I've joined with Ethan Evans' Discord community to help build a great place for people to come and talk about their career, interviewing, leadership and more. To read a little background and my motivation behind this, you can read it here on LinkedIn.
I'm always interested in hearing more from my readers about the topics they'd like to see covered. If you're interested in a topic, please reply to this newsletter and let me know. The 5 whys was a frequent reader request, for example.
Finally, I'd like to thank the hundreds of readers who have become paid members. Your support is powerful motivation for me to continue writing this newsletter. I really appreciate it! If you'd like to support this newsletter, please click here. Thanks!
I was sitting there with my coffee, discussing project status, when my pager went off. Back in those days, we used fashionable pagers to notify us of emergencies. If I remember right, I didn't particularly want to be discussing project status, so I happily used my pager as an excuse to leave the room.
I got back to our team area, and the engineers on my team were looking a little frantic. My identification of frantic is one engineer typing as fast as they can, while three other engineers hover behind their shoulder, pointing at things on the screen. You don't usually need three helpers to read a computer screen. I asked what was up.

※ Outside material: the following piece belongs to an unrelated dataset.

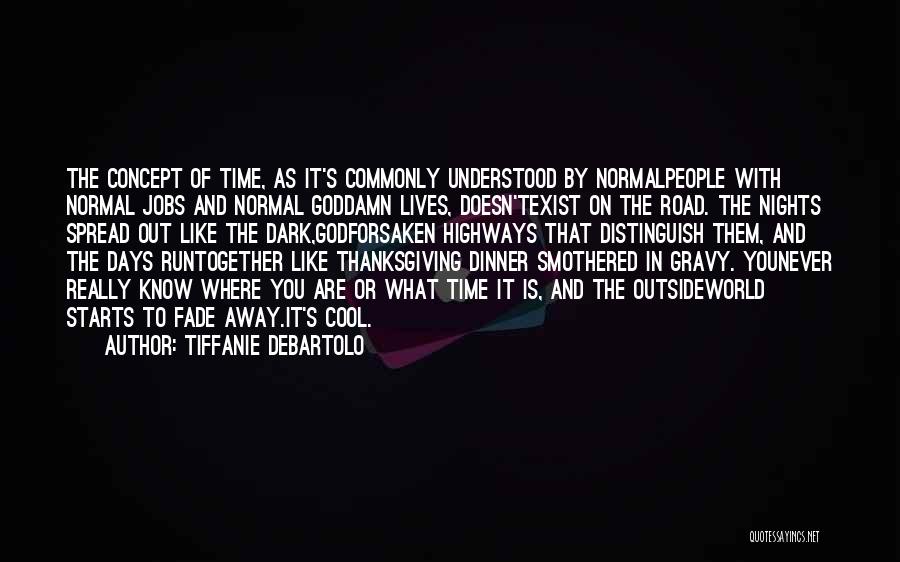 Gravy Quotes By Tiffanie DeBartolo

“The site's down. We can't figure it out. We were swapping out some hosts. Some metrics went haywire, and the alarms started going off.”
I'll later cover the root cause and how the metrics lead the engineers astray. For what it's worth, the root cause itself doesn't matter for the whys, I'm just going to include some details for the technical folks in the audience.
Every operational disaster I can think of begins with a similar first step. Someone made a mistake. Pushing code to production, they pushed the wrong branch. Restarting servers, they restarted the wrong ones. Migrating data, their query missed a subset of customers.
If I had to name a single advantage Amazon has over many companies, it might be that Amazon is root cause obsessed. Employees at Amazon religiously hunt for the root causes of complex situations, and the actions necessary to fix those root causes.
The 5 whys is the name for the process used to repeatedly ask But Why!? You may not have realized it, but acting like a 2-year-old is a great way to build robust systems.
Fundamental assumption — Humans make mistakes
Amazon has an amusing advantage over other companies in recognizing this truth. I remember one team I managed was drastically understaffed when I joined the team. They had around 20 employees, but I grew the team to around 60 employees in a 5-month period.
Can you imagine how unreliable your team would be, if you hired two thirds of your team within the last few months?
This truth exists across Amazon. The number of employees in organizations consistently grows by 20-30% year after year, which means there are many teams which grow faster than this.
New employees won't know the proper processes to follow. New employees will not realize the hidden dangers of your system.
When a large operational event happens, I'll see discussions on Reddit, wondering about blame.
"Haha, I bet someone got fired over this one!"
Amazon leaders have learned one vital rule.
Humans make mistakes. It's our systems which allow the mistakes to cause damage. Therefore, our blame is not on the humans making the mistakes, but the systems we've built.
Cause and effect
The cause and effect chain begins with the obvious. In the above situation, you might start with The site went down.